COLLECTED DATA:
>>>>

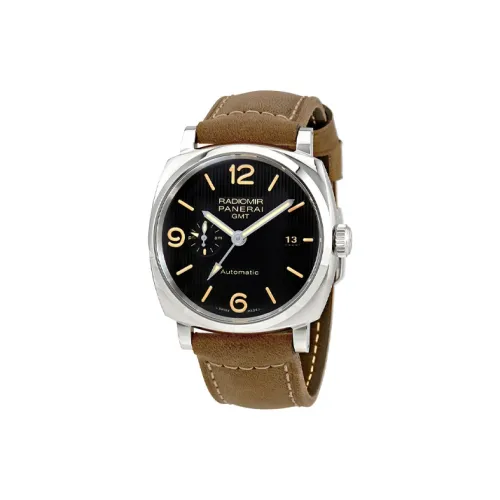 PANERAI Автоматический Механический Механизм Мужские Часы 45мм*17мм Черный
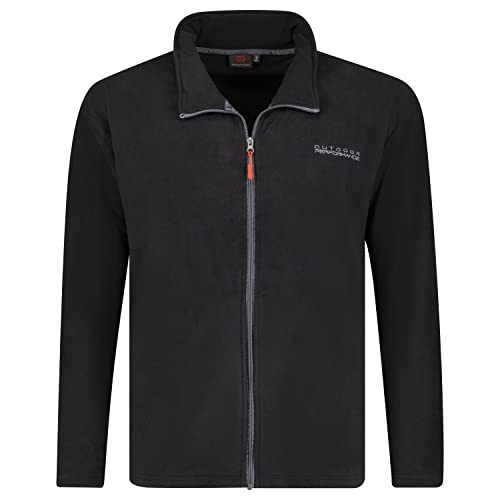 ADAMO Große Größen Herren Fleecejacke in schwarz Modell Toronto Größe 2XL - 12XL, Größe:5XL von ADAMO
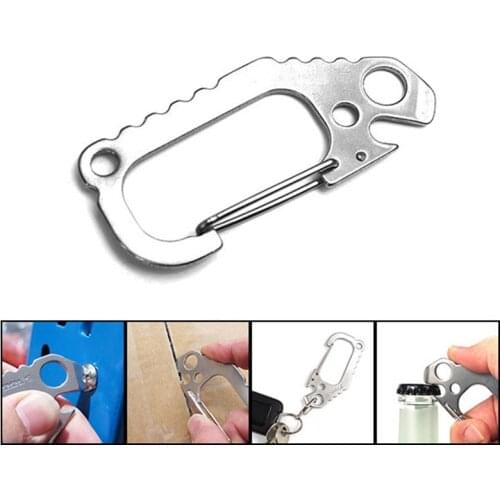 Multifunctional D-Ring Key Chain Clip Hook Mountaineering Climbing Carabiner Buckle Keychain Practical Tool For Outdoor Camping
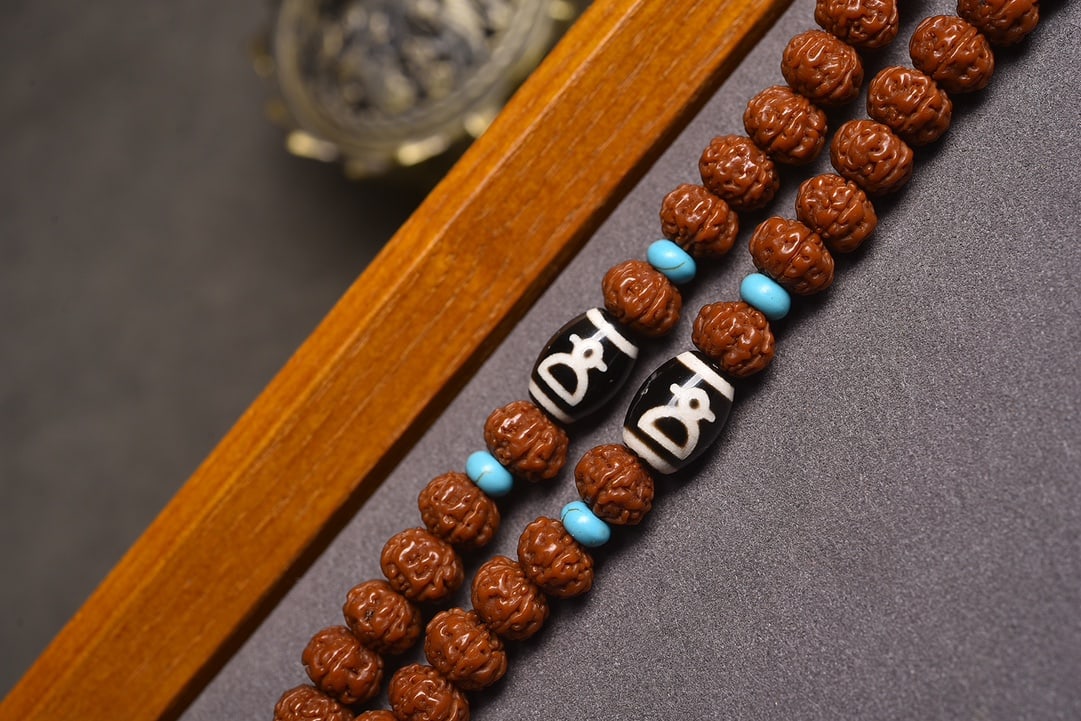 108-Bead Multi-Strand Vajra Bodhi Bracelet/Necklace, 9+mm Beads, Approx. 66.66g - 5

<<<<

BRIEF:
Return exactly the lines that begin with the one containing "ADAMO Große Größen" and end with the final line of the data above; include no pictures.

RESPONSE TO THE EXERCISE:
 ADAMO Große Größen Herren Fleecejacke in schwarz Modell Toronto Größe 2XL - 12XL, Größe:5XL von ADAMO
 Multifunctional D-Ring Key Chain Clip Hook Mountaineering Climbing Carabiner Buckle Keychain Practical Tool For Outdoor Camping
 108-Bead Multi-Strand Vajra Bodhi Bracelet/Necklace, 9+mm Beads, Approx. 66.66g - 5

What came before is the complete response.